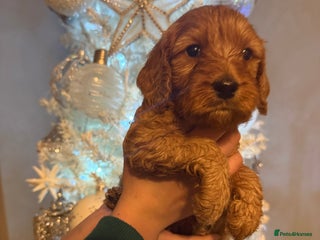 Cockapoo dogs Beautiful Cockapoo puppies - Advert 2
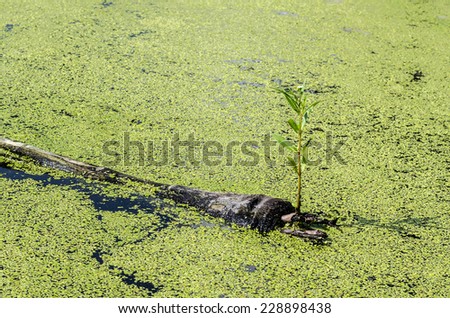 Little plant growth on dead tree in water filled lemna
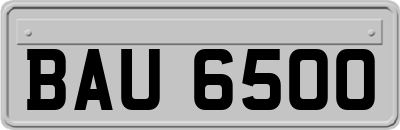 BAU6500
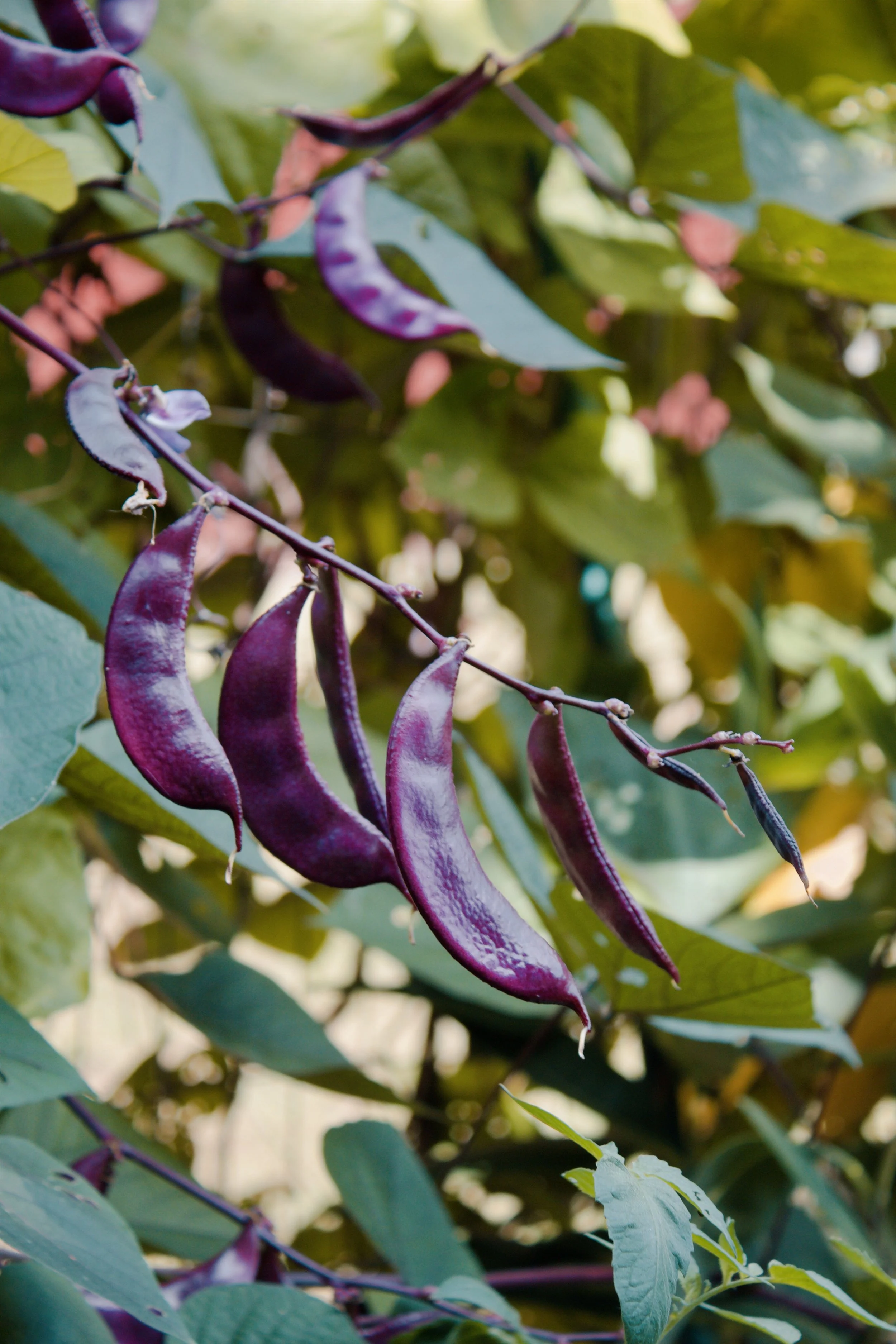 Church Hill Richmond VA, 2024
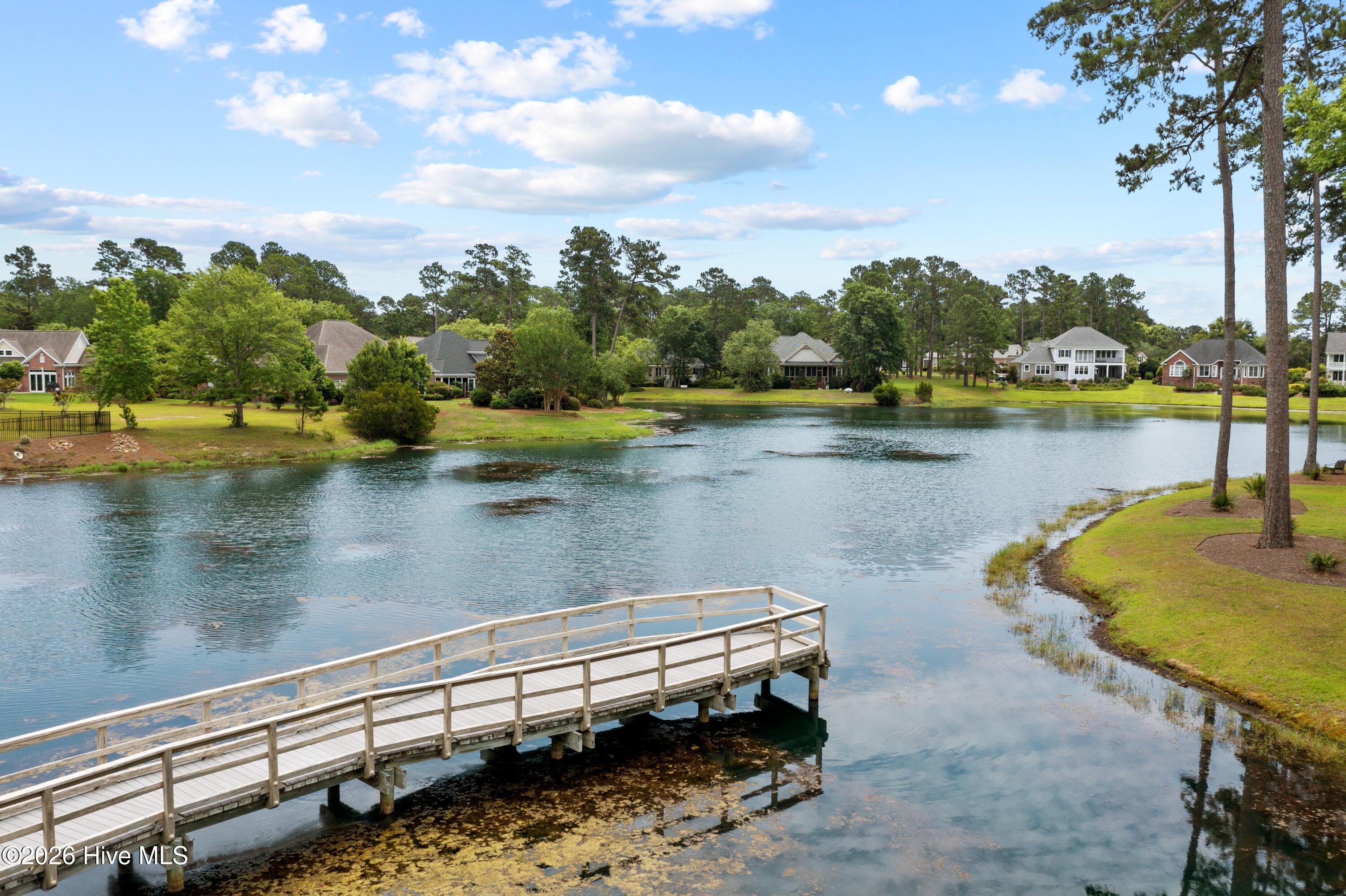 100555580 | Photo 16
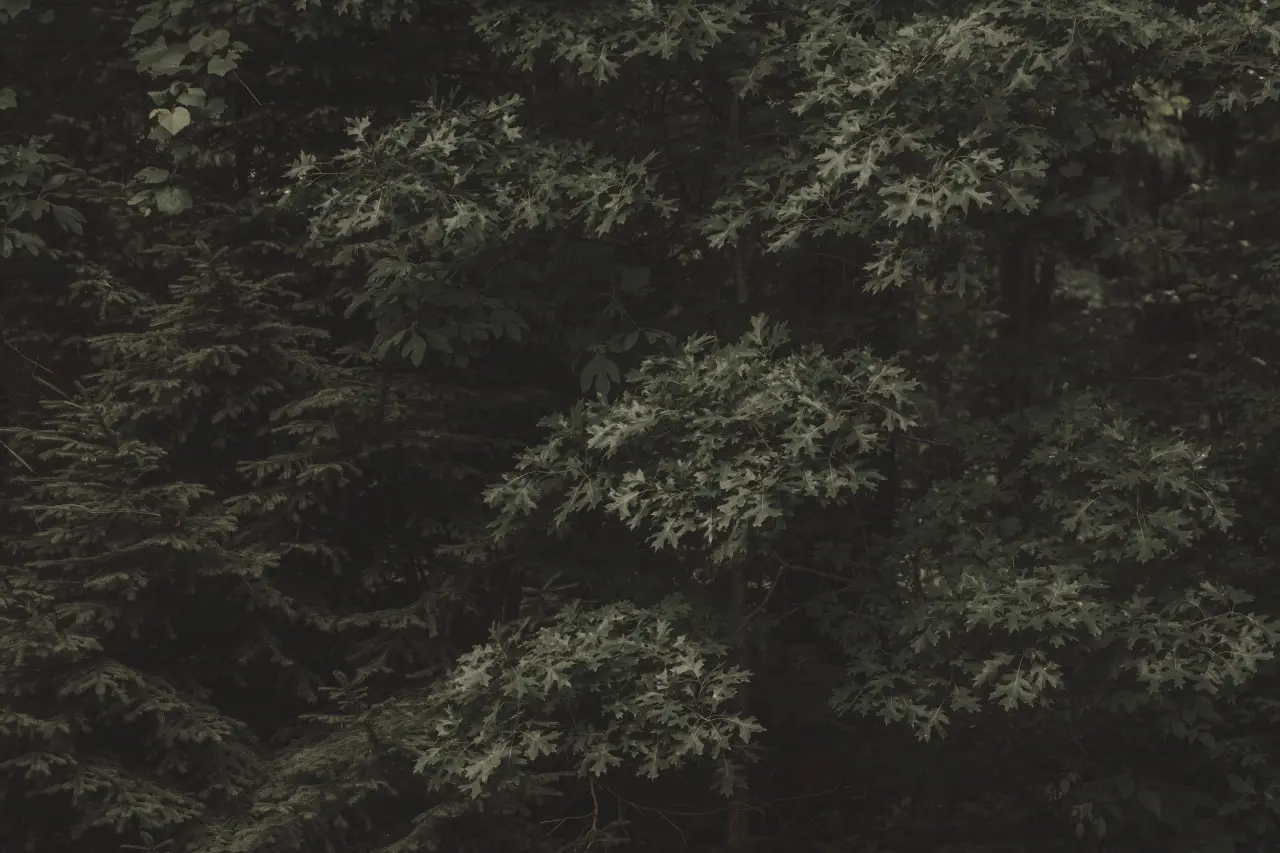 Deep Forest Canopy – black and grey desktop wallpaper, 6000×4000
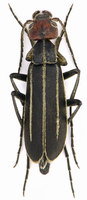 Epicauta erythrocephala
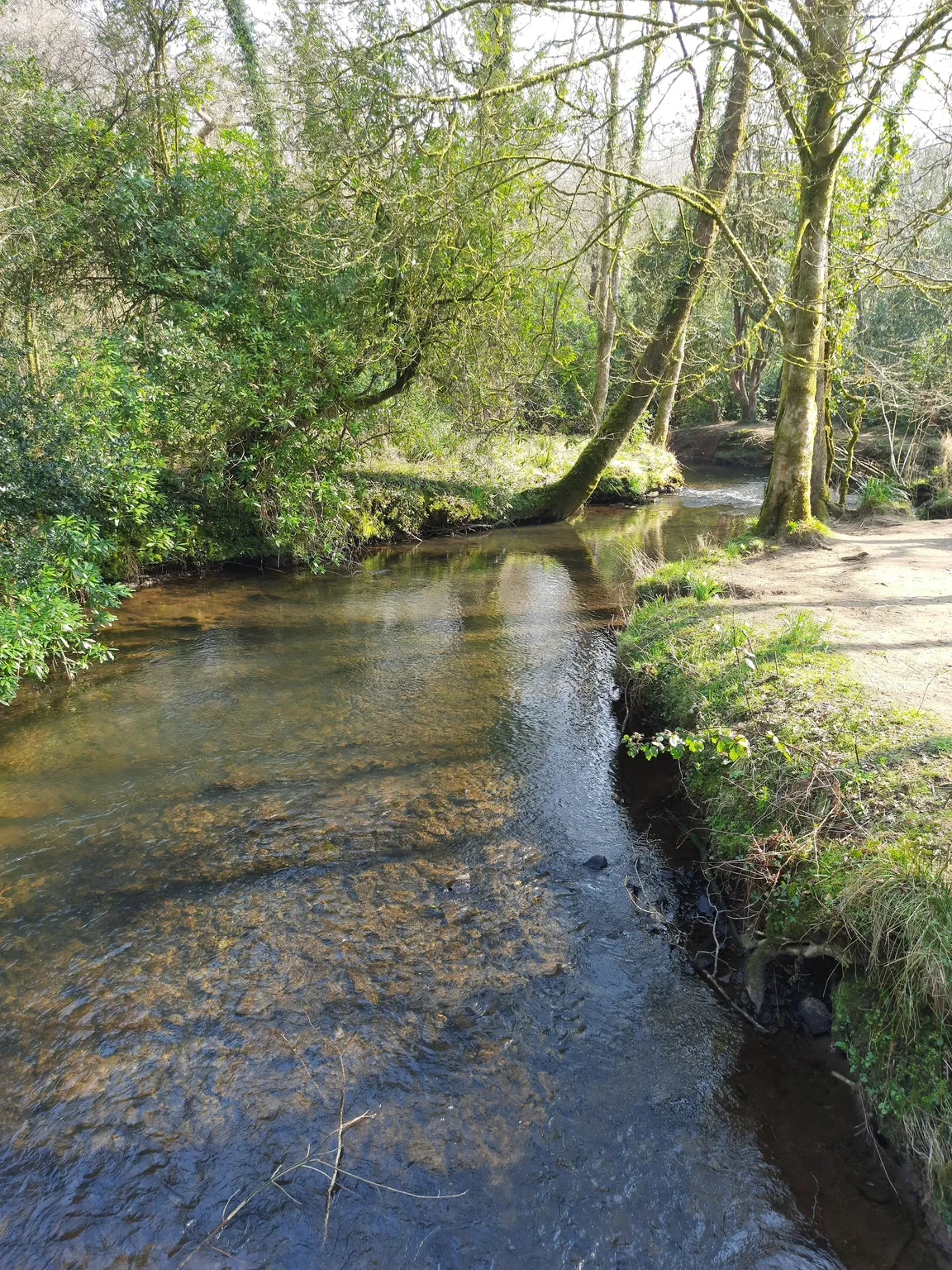 Penllergare Valley Woods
-=-=-=-=-
Please give the records again word for word, omitting all images.

 Cockapoo dogs Beautiful Cockapoo puppies - Advert 2
 Little plant growth on dead tree in water filled lemna
 BAU6500
 Church Hill Richmond VA, 2024
 100555580 | Photo 16
 Deep Forest Canopy – black and grey desktop wallpaper, 6000×4000
 Epicauta erythrocephala
 Penllergare Valley Woods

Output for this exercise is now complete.